Laba Q3, Data Inflasi, dan Ketidakpastian Tarif AS Kemungkinan Menggerakkan Sensex, Nifty Minggu Depan

robot
Pembuatan abstrak sedang berlangsung

(MENAFN- IANS) Mumbai, 11 Jan (IANS) Pasar saham India diperkirakan akan tetap volatil pada minggu mendatang karena investor bersiap untuk campuran pemicu domestik dan global yang penting, termasuk dimulainya musim laporan laba kuartal Desember, rilis data inflasi yang krusial, dan ketidakpastian yang terus berlanjut mengenai kebijakan perdagangan AS.

Indeks acuan mengakhiri minggu lalu dengan catatan lemah, memperpanjang rentetan kerugian mereka menjadi lima sesi, karena kehati-hatian menjelang hasil korporasi dan aliran dana asing yang terus berlanjut membuat sentimen tetap suram.

Fokus sekarang akan beralih ke bagaimana kinerja perusahaan di kuartal Desember dan apakah angka makroekonomi memberikan sedikit kelegaan kepada pasar.

Musim laporan laba akan dimulai dengan perusahaan TI besar seperti Tata Consultancy Services, HCL Technologies, Infosys, Wipro, dan Tech Mahindra yang mengumumkan hasil Q3 mereka.

Di sisi makro, minggu mendatang akan banyak data, dengan India siap merilis inflasi CPI, inflasi WPI, angka neraca perdagangan, dan data cadangan devisa.

Indikator-indikator ini akan sangat penting dalam menilai kesehatan ekonomi dan membentuk ekspektasi seputar suku bunga dan pandangan kebijakan.

Isyarat global juga akan tetap menjadi fokus, terutama perkembangan terkait kebijakan perdagangan AS. Mahkamah Agung AS dijadwalkan untuk mendengar dan memberikan keputusan pada kasus-kasus penting, termasuk tantangan terhadap langkah-langkah tarif global Presiden Donald Trump yang luas.

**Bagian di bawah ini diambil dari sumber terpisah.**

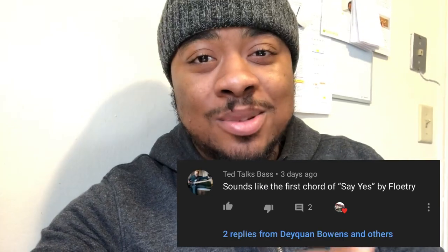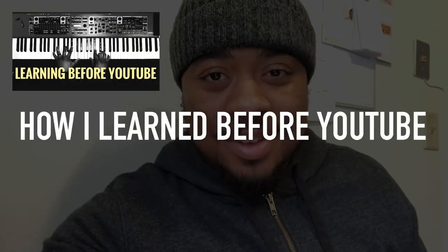Hey, what's up y'all? Daquan here with DaquanBowens.com and I want to shout out TED Talks Bass for being the first to comment on my last video.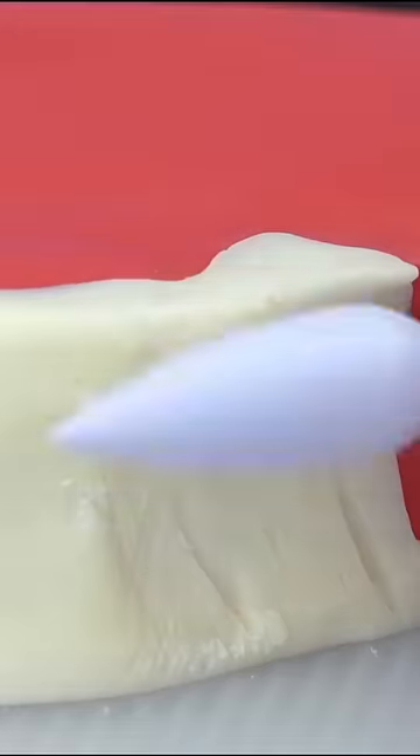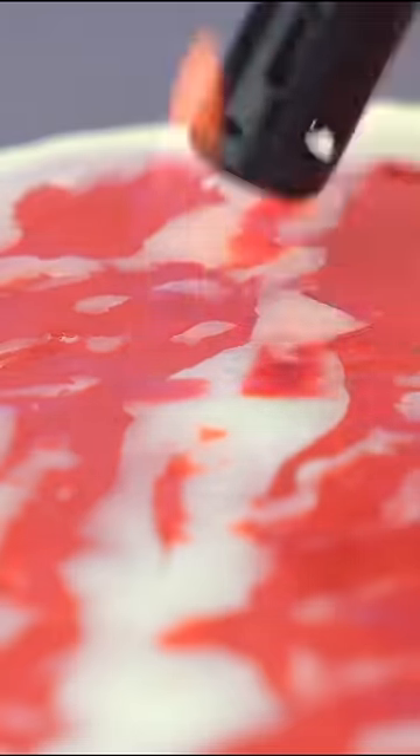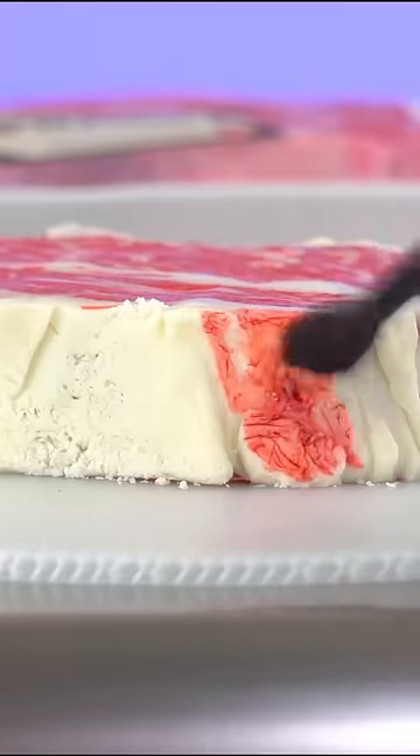This is one of my hyper-realistic cakes that'll make you say, ew — it's a raw steak cake and it's 100% edible. Even the plastic wrap is edible. Wanna know how I made edible plastic wrap? Let's go.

Setiap kejelasan atau keputusan mengejutkan dapat mempengaruhi pasar global dan, pada gilirannya, ekuitas India.

“Resistensi segera berada di 25.800, diikuti oleh 25.940 dan 26.000, sementara dukungan ditempatkan di 25.600 dan 25.450. Penurunan di bawah 25.300 dapat memperkuat tekanan penurunan,” kata seorang ahli.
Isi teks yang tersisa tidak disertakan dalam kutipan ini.